Top of The data

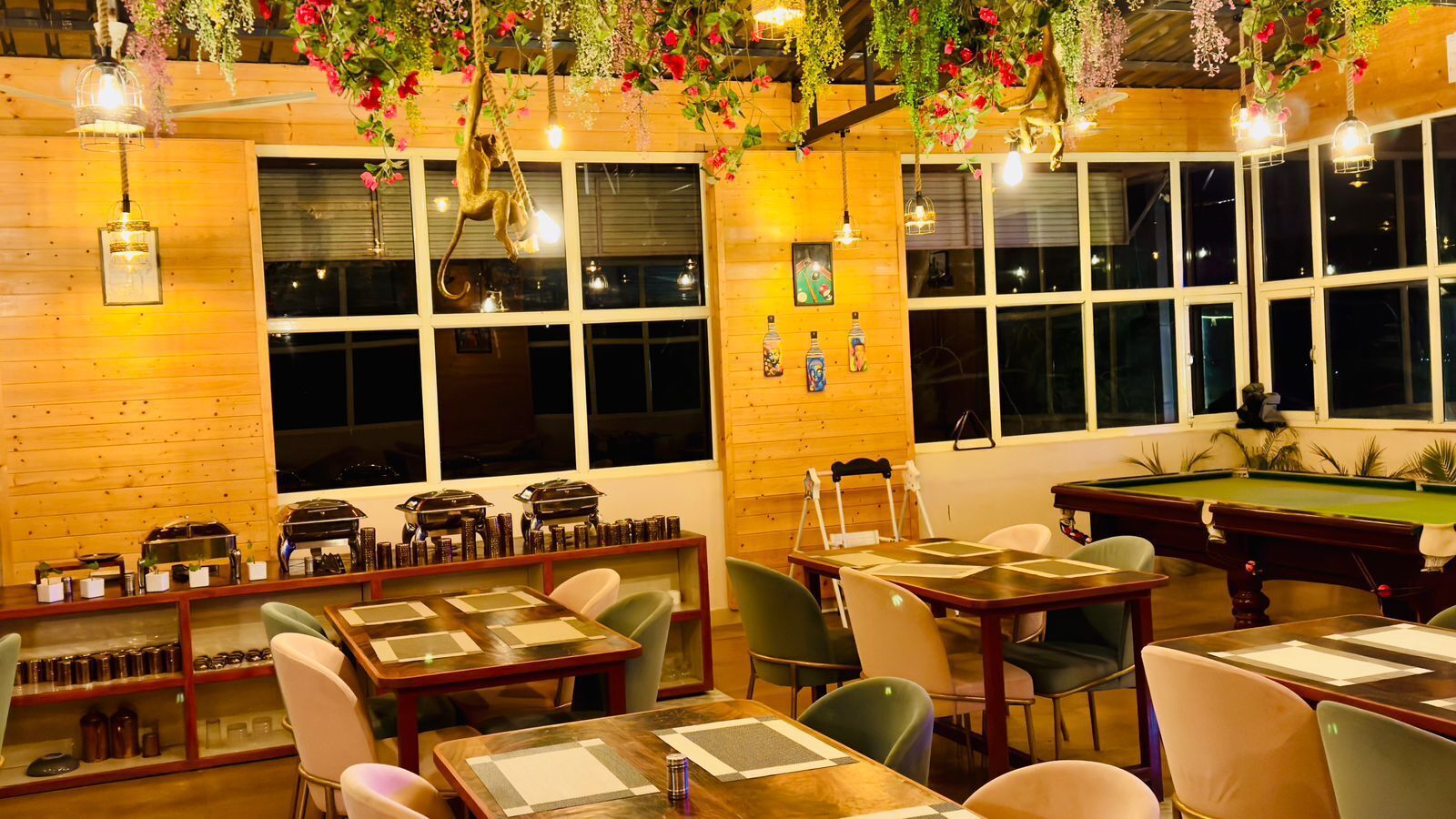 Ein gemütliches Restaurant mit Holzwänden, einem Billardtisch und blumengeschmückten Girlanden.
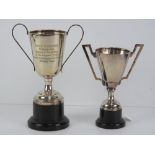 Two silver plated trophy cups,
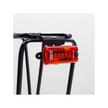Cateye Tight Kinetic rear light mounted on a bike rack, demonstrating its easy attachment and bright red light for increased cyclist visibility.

Bottom of The data

▶ Exercise description:
The result should be the full material above, word for word, with its pictures omitted.

▶ Expected answer:
 Ein gemütliches Restaurant mit Holzwänden, einem Billardtisch und blumengeschmückten Girlanden.
 Two silver plated trophy cups,
Cateye Tight Kinetic rear light mounted on a bike rack, demonstrating its easy attachment and bright red light for increased cyclist visibility.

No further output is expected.